- **What is needed**: Wherever a picture appears in the listing, leave it out, and copy the rest exactly.

Raw data: Begin

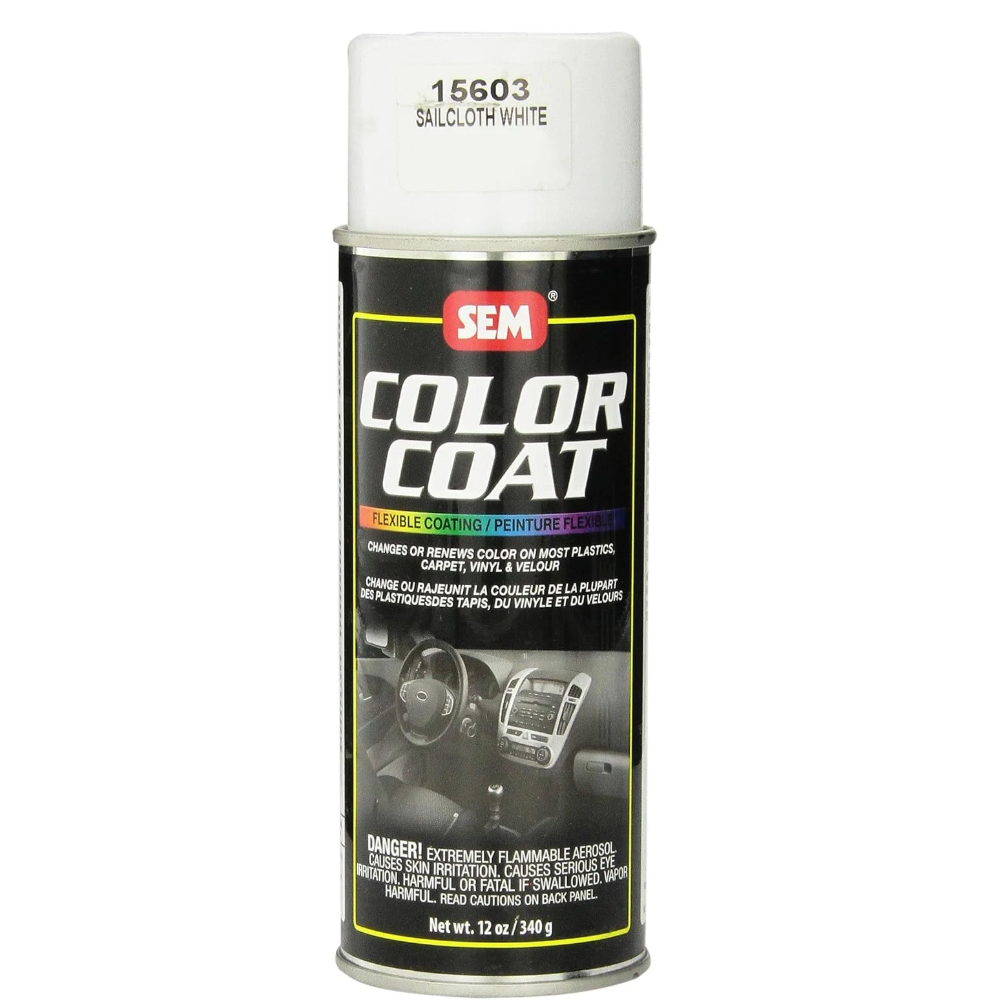SEM Color Coat Sailcloth White Aerosol — Flexible Vinyl, Plastic & Carpet Coating (15603), 12 oz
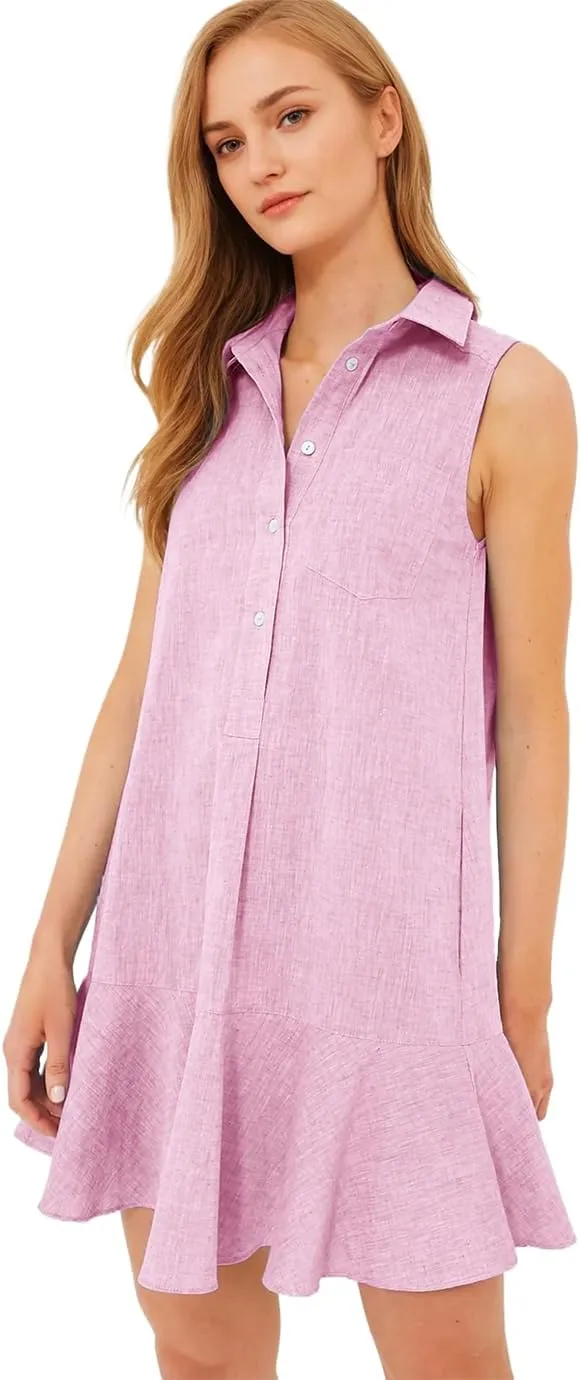 Womens Sleeveless Shirt Dress Summer Collared Button Down Ruffle Hem Tank Mini Dress
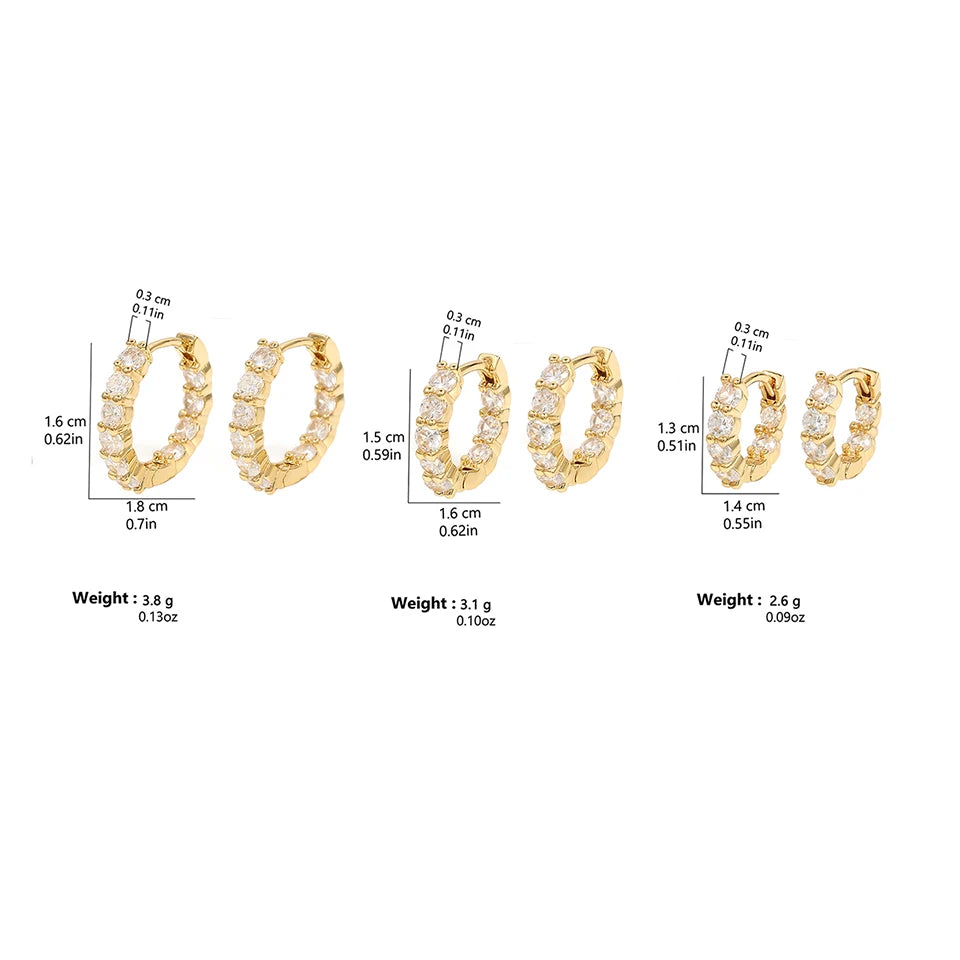 Zircon Huggie Earrings – White Gold Cartilage & Ear Cuff Jewelry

Raw data: End

- **Written response**:
SEM Color Coat Sailcloth White Aerosol — Flexible Vinyl, Plastic & Carpet Coating (15603), 12 oz
 Womens Sleeveless Shirt Dress Summer Collared Button Down Ruffle Hem Tank Mini Dress
 Zircon Huggie Earrings – White Gold Cartilage & Ear Cuff Jewelry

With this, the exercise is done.